Start of INFORMATION SUPPLIED

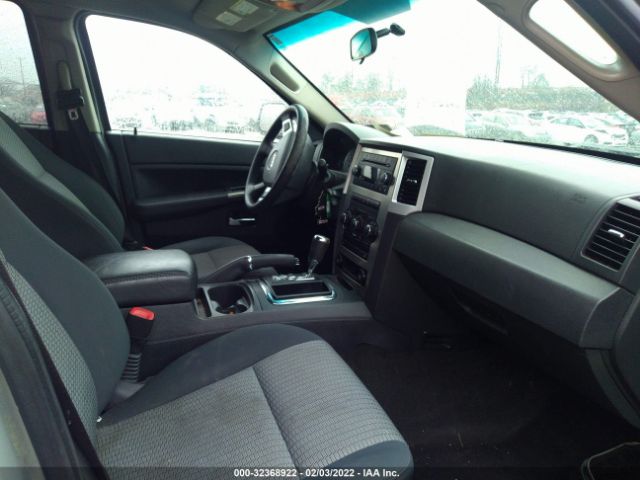 Photo 4 VIN: 1J4PR4GK6AC141846 - JEEP GRAND CHEROKEE 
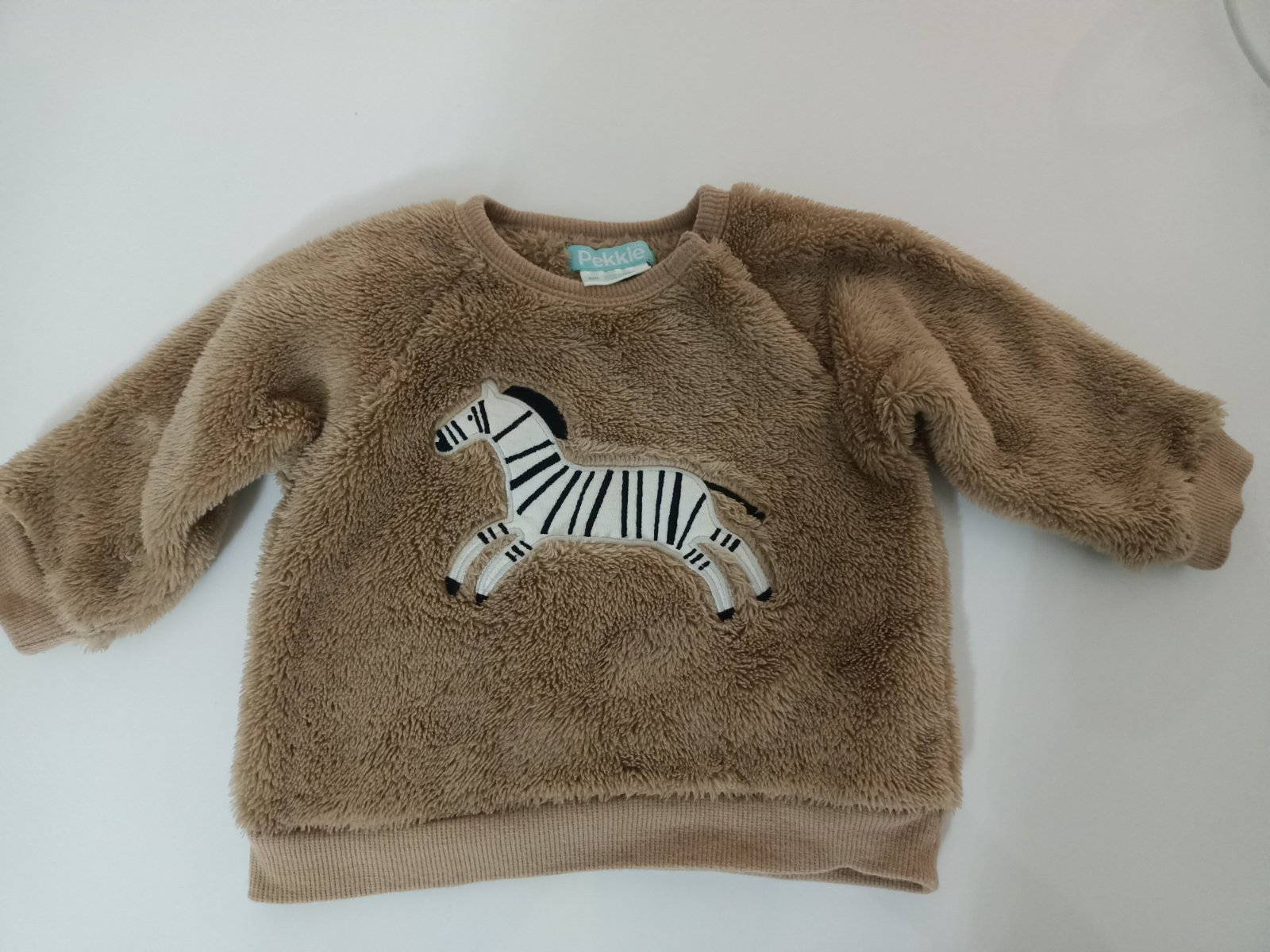 Pull bébé 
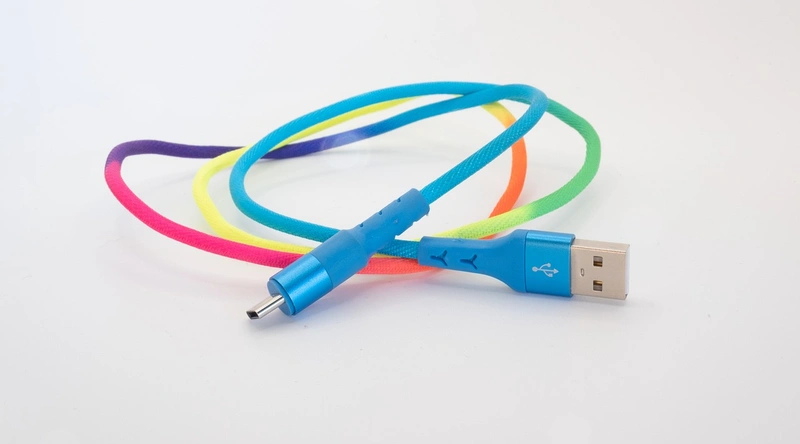 동적 케이블의 종류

End of INFORMATION SUPPLIED

For this exercise, transcribe the data exactly but without its pictures.

SOLVED EXERCISE ::
 Photo 4 VIN: 1J4PR4GK6AC141846 - JEEP GRAND CHEROKEE 
 Pull bébé 
 동적 케이블의 종류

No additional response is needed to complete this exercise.